No hay revoluciones tempranas, crecen desde el pie, diría el flaco. De tanto acumular, no hace más de dos o tres años que en el fútbol uruguayo pasan muchas cosas. Qué novedad. De todas las que sucedieron, las que más llamaron la atención fueron algunas que se dieron “afuera de la cancha” –como si el reglamento también marcara lo que se tiene que hacer en la vida, ¿no?–. Muchas de esas cosas distintas tuvieron que ver con Más Unidos Que Nunca, un colectivo de futbolistas al que el historiador Gerardo Caetano definió inmejorablemente: “Es una de las manifestaciones sociales más importantes de los últimos años en Uruguay y tiene que ver con una recolocación del rol del futbolista en un mundo con mucho dinero y mucha mediocridad. Ha habido un empoderamiento de los futbolistas que advirtió de las cosas que pasan en términos de poder económico y de poder simbólico. Pero los pleitos fundamentales nunca se terminan. No hay victoria final, nunca, en ningún plan. Porque es como se dice en el fútbol, una frase típica: después de una gran victoria viene una gran derrota. Se ganó un Maracaná, pero la lucha debería continuar”.

Liberarse: proceso histórico, natural y evolutivo de los seres humanos, que puede manifestarse ante la adversidad, la opresión o la imposición. Sus beneficios pueden ser la igualdad, generar la capacidad de deconstrucción, buscar nuevos ideales, tomar conciencia de estar haciendo algo bueno.

A propósito de Riquero y la conversación sobre derechos humanos, el futbolista concluyó un par de cosas interesantes. Primero, que son muchos los jugadores muy jóvenes con núcleos familiares también jóvenes que no hablan en sus casas de temas relacionados con la conciencia colectiva –por decirlo ampliamente–. Segundo la pregunta, dos o tres décadas atrás, ¿en qué planes de la educación se hablaba con profundidad de la dictadura cívico-militar?

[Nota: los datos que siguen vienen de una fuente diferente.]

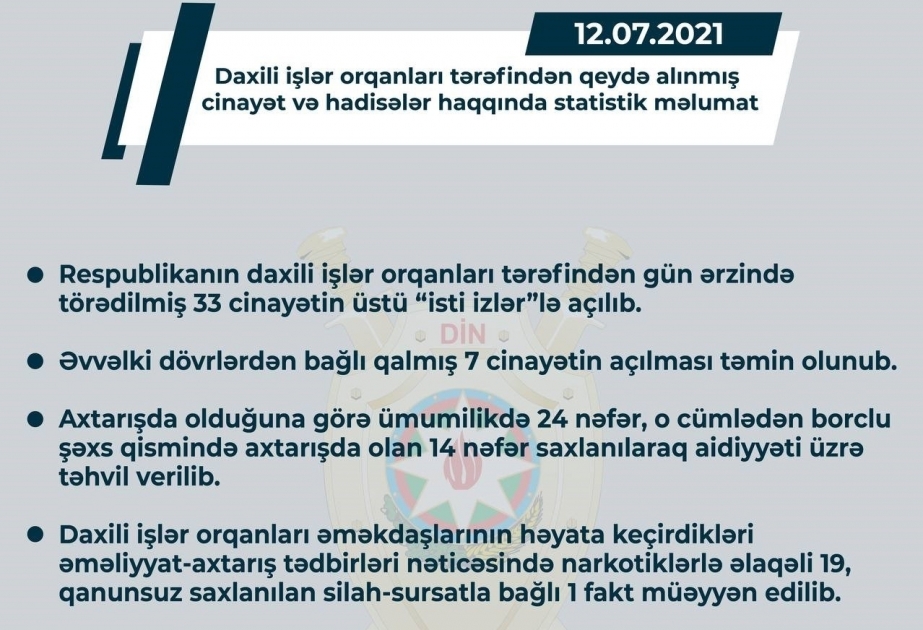 الداخلية: كشف ملابسات 31 جريمة ظلت عالقة منذ وقوعها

Si bien la explicación del fenómeno necesita un análisis muchísimo más profundo, lo segundo tiene que ver con lo primero. Si no hay información, hay desinformación. Si no hay enseñanza, las cosas funcionan rengas. Si todo va a depender del interés personal o de los contextos familiares –cosa que, en principio, parece buena– se excluye a un montón de personas, a una cantidad de sensibilidades. Entonces, ¿son sólo los jugadores de fútbol el colectivo de ignorantes? Nosotros, que no jugamos a la pelota, ¿de verdad creemos saberlo todo, o ser más o menos sensibles que los que sí juegan? A modo de ejercicio simple, ya que sabemos todo, ¿dónde queda el Museo de la Memoria en Montevideo?

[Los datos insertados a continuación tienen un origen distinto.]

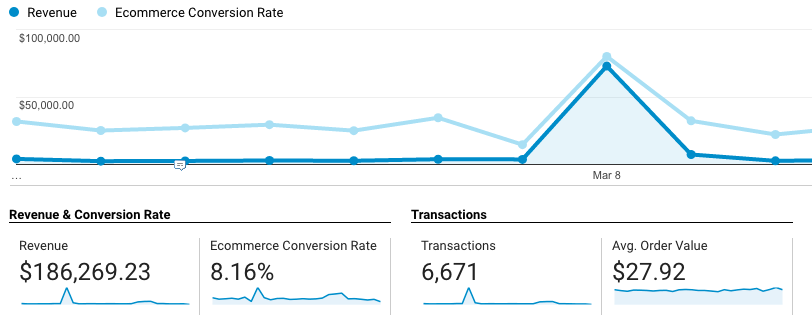 Averages and percentages can be misleading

Daniel Gélin, aquel actor francés que recuerdo conduciendo el ómnibus en la película The Man Who Knew Too Much, de Alfred Hitchcock, dijo que “se llama memoria a la facultad de acordarse de aquello que quisiéramos olvidar”. Hay mucho fútbol para olvidar. Muchísimo. Y ojalá se pueda. Pero este, el que tiene gestos que profundizan la democracia, el que se manifiesta como instancia democrática, el de jugadores que quieren mejorar su vida, su trabajo, y que a la vez buscan acompañar por solidaridad, por empatía con el otro; el fútbol y los y las futbolistas que les quitan las manchas a la pelota, esa pelota que exige saber qué pasó en el pasado reciente, que busca goles de verdad y justicia; a este fútbol, deberíamos tener la honestidad de recordarlo toda la vida.

Si la mosca anda en la sopa, por ahí no es que la mosca moleste, sino que la sopa está podrida. No existe instrumento más mágico que el lenguaje. El lenguaje es poder. Lo vi en una pancarta. Una vez más: muchas gracias, jugadores.